There are a number of arguments those traditionalists trot out to argue for the preservation of this fountain of frustration, like the fact that players and coaches have had to deal with the fallible nature of the boys in blue since the inception of Major League Baseball.

With that said, that line of reasoning starts to fall apart when you consider Civil War veterans with names like Mordecai Pennywhistle didn’t have the luxury of turning to instant replay to settle a dispute with an ump who looked identical to the guy in the W.B. Mason logo.

Of course, Major League Baseball has made some strides to address this longstanding point of contention, and based on the experiments the league has been conducting in recent years, it seems like it’s only a matter of time until robot umpires get called up to The Show.

Unfortunately, we’re still regularly treated to reminders of how nice it will be when that day finally arrives—including one that came out of Wednesday night’s game between the Cardinals and the Cubs.
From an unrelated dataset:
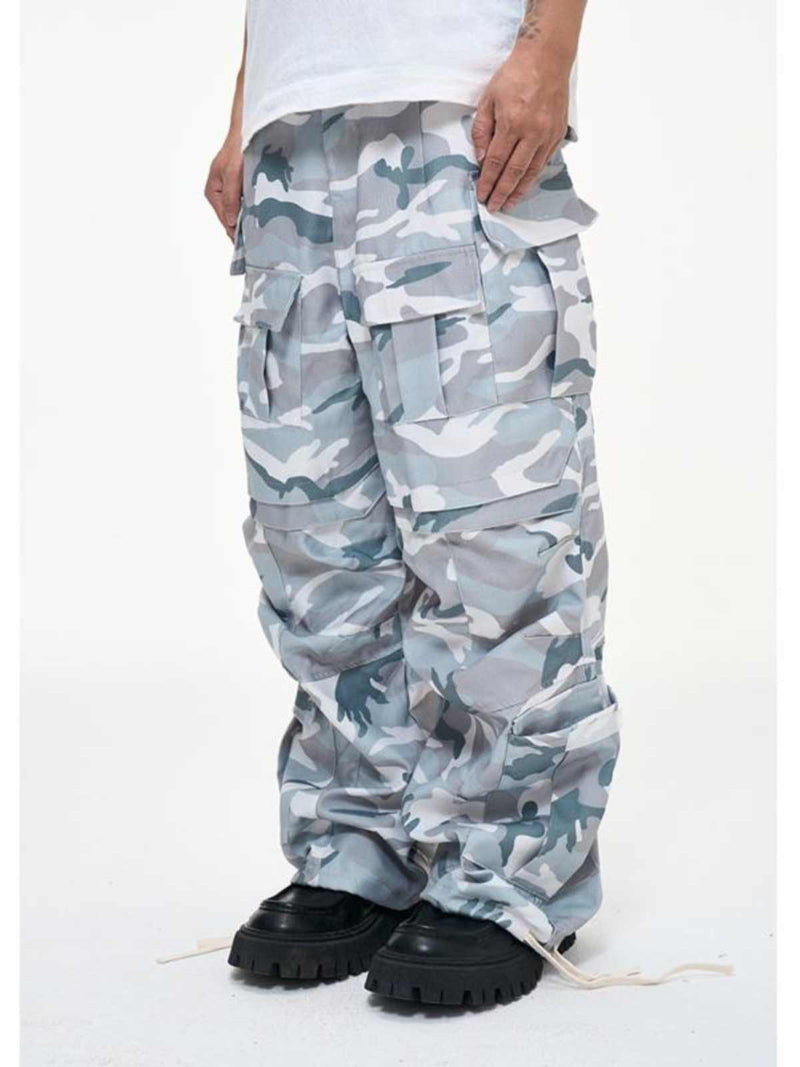 Tactical Multi-Pocket Camouflage Cargo Pants - Men's Loose Fit Workwear Trousers
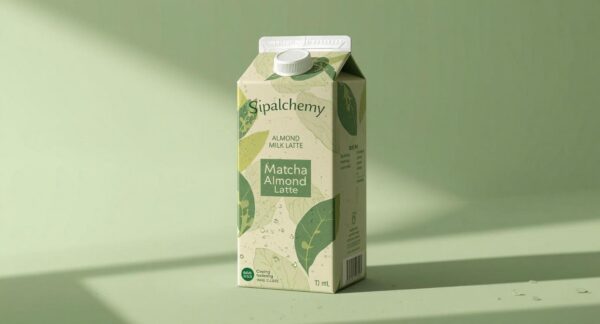 Matcha Almond Milk Latte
In the top of the third inning, St. Louis third baseman Nolan Arenado had the chance to put a dent in the three-run deficit his club was facing when he stepped up to the plate with runners on first and second. It initially looked like he’d been able to load the bases by drawing a walk on a full count, but home plate umpire John Libka brought the inning to an end by ruling he’d failed to check his swing.

Arenado was obviously not pleased with that development, although Libka did seem to be pretty amused when he smiled after ejecting him for arguing the call. 

Check swings currently aren’t reviewable under MLB rules, although replays showed Arenado seemed pretty justified in taking exception to the call. 

Plenty of fans also took issue with the ruling, with many of them taking aim at Libka over his perceived smugness.

This incident occurred just a few months after Angel Hernandez was filmed smirking at a fan who called him out for a similarly underwhelming performance and is just the latest of the many moments that have highlighted the lack of umpire accountability players and fans have bemoaned.

Unfortunately, it doesn’t seem like the MLB is in a huge rush to address it.